L'histoire ne se répète pas dit-on. Et pour autant les promesses en matière européenne se suivent et se ressemblent. Que ce soit à droite ou à gauche, car ce débat transcende ces clivages partisans, ce sont toujours les mêmes incantations qui reviennent : une europe plus sociale, plus protectrice et plus démocratique. Voilà le triptyque qui est sans cesse ressassé comme pour s'en convaincre soi-même … sans que cela soit évidemment suivi d'effets.

Comment donc faire confiance à ces responsables politiques qui, malgré les différents rejets populaires, persistent dans l'erreur ? Alors que partout en europe les peuples refusent cette fuite en avant vers toujours plus d'intégration et que ceux-ci s'inquiètent de la dérive libérale et des cures d'austérité infligées, ces chers (dans les deux sens du terme) dirigeants européens n'ont aucun scrupule à ignorer et nier ces signaux invoquant le populisme à tout bout de champ. "Il ne peut y avoir de choix démocratique contre les traités européen" disait Jean-Claude Juncker, le président de la commission européenne. Tout un programme en forme de bras d'honneur fait à tous ceux qui défendent une vraie alternative à cette europe supranationale qui se construit sans les peuples, pour ne pas dire contre les peuples.

De par sa position centrale et du fait de son Histoire, on pourrait s'attendre à ce que le sursaut vienne de la France et que notre pays prenne la tête d'une coalition visant à impulser une nouvelle dynamique autour des valeurs de démocratie et de souveraineté nationale. C'est pourtant tout le contraire qui est en train de se produire sous la conduite de François Hollande. Plutôt que d'aller à Londres pour évoquer l'avenir avec David Cameron, notre président, décidément pas à la hauteur des enjeux, a préféré se rendre à Berlin prendre ses ordres auprès d'Angela Merkel, bradant par la même occasion le peu d'indépendance qu'il nous restait.

Bien malin serait celui qui pourra prédire ce qu'il se passera dans les prochaines semaines et les prochains mois. Il est en revanche certain que les dirigeants européens feront leur maximum pour mener la vie dure aux Britanniques afin de dissuader les autres candidats potentiels. De même, et malgré les avertissements multiples et récurrents, il est clair que le système européen n'est pas prêt de changer. En effet, ce grand démocrate et adepte de la fraude fiscale qu'est Juncker a récemment indiqué que le CETA (le traité transatlantique - TAFTA - version Canada) ne serait pas soumis à l'approbation des parlements nationaux.

La question européenne est aujourd'hui au cœur de l'actualité. A gauche comme à droite, côté mondialistes/eurobéats comme côté souverainistes/eurosceptiques, chacun avance ses pions. Nouveau traité, référendum, Frexit …  Quelle que soit la solution proposée, il est indéniable que ce sujet sera un enjeu majeur de l'élection présidentielle de 2017 suscitant des débats animés et passionnées comme en 1992 et 2005. Espérons seulement que l'issue en sera différente !

mardi 21 juin 2016

Election municipales en Italie : 5 étoiles pour Rome et Turin

Après l'Autriche et avant l'Angleterre, c'est l'Italie qui était appelée aux urnes ce dimanche pour le second  tour des élections municipales. Le premier semestre 2016 aura donc été riche en votes au niveau européen.
Si chaque élection est bien évidemment différente avec des problématiques propres à chaque pays, on peut toutefois constater d'importants points de similitudes entre ces échéances. Ou en tout cas une certaine répétition dans les résultats.
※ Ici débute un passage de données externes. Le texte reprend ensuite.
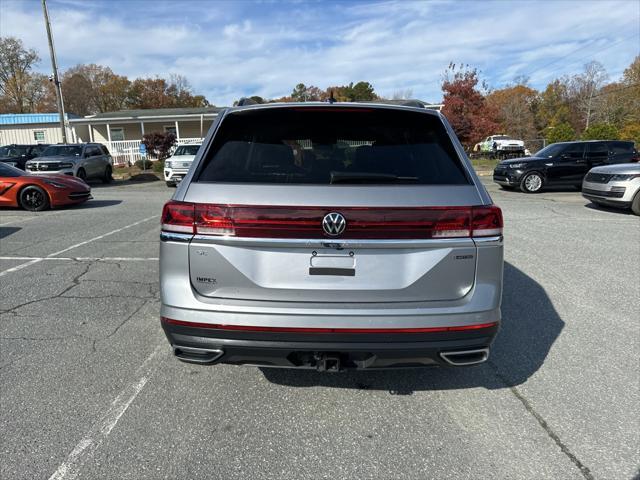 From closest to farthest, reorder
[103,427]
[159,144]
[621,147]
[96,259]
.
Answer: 1. [103,427]
2. [96,259]
3. [621,147]
4. [159,144]

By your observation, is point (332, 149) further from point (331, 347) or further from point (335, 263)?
point (331, 347)

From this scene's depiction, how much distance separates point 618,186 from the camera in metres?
10.4

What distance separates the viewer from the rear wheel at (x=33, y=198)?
1136cm

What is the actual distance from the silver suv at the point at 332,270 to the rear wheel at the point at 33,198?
10947 mm

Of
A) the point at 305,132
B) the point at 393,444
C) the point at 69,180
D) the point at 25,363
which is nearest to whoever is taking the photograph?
the point at 393,444

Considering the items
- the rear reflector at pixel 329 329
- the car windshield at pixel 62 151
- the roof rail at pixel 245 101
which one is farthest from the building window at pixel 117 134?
the rear reflector at pixel 329 329

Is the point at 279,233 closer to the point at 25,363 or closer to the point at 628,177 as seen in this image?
the point at 25,363

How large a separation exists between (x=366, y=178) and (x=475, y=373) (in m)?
1.81

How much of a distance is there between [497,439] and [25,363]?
340cm

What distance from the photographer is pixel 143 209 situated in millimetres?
12156

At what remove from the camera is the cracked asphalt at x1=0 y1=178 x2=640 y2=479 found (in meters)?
2.37

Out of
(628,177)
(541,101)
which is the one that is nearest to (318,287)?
(628,177)

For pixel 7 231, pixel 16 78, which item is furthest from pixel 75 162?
pixel 16 78

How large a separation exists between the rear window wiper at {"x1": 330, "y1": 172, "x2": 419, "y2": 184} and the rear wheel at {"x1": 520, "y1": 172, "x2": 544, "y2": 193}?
1466 centimetres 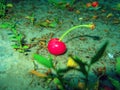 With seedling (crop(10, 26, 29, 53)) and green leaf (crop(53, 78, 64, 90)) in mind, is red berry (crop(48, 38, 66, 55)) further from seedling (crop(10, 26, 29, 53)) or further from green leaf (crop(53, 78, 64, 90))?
green leaf (crop(53, 78, 64, 90))

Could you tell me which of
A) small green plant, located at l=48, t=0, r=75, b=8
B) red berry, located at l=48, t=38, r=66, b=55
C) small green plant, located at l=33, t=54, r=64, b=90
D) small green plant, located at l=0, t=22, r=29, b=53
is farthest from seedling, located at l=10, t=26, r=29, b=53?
small green plant, located at l=48, t=0, r=75, b=8

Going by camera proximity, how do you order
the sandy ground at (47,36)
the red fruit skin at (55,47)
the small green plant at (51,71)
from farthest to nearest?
the red fruit skin at (55,47), the sandy ground at (47,36), the small green plant at (51,71)

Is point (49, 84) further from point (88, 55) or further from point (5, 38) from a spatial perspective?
point (5, 38)

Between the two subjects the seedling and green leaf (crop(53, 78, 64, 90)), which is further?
the seedling

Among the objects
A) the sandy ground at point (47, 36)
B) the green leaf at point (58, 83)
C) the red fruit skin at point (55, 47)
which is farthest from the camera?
the red fruit skin at point (55, 47)

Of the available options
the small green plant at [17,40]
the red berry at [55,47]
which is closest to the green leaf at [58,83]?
the red berry at [55,47]

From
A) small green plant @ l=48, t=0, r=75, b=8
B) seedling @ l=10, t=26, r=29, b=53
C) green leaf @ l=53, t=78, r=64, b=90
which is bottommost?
green leaf @ l=53, t=78, r=64, b=90

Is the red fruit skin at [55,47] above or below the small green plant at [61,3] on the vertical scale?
below

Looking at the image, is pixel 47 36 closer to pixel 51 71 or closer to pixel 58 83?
pixel 51 71

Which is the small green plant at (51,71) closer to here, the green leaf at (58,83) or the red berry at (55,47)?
the green leaf at (58,83)

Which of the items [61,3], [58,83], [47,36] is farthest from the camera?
[61,3]

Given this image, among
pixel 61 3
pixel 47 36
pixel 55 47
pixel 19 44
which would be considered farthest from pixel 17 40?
pixel 61 3

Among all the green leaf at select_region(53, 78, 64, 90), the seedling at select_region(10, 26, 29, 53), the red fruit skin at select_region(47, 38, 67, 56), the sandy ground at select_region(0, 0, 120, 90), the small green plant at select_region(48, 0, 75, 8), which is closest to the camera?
the green leaf at select_region(53, 78, 64, 90) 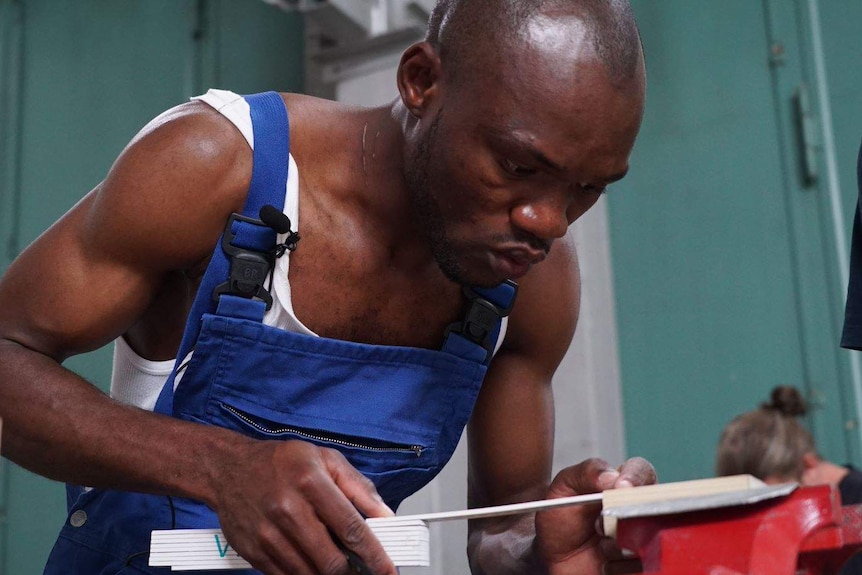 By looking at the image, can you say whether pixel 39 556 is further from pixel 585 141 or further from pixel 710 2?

Que voit-on finalement dans chacune de ces élections ?
Deux éléments sont à mon sens primordiaux et récurrents. D'une part, que ce soit en Espagne, en Italie ou en Autriche, on ne peut qu'observer un rejet plus ou moins massif des partis institutionnels. Droite et gauche de gouvernement sont remisés notamment au profit de mouvements dits citoyens (Podemos en Espagne, mouvement 5 étoiles en Italie) ou de formations d'extrême droite (FPO en Autriche).  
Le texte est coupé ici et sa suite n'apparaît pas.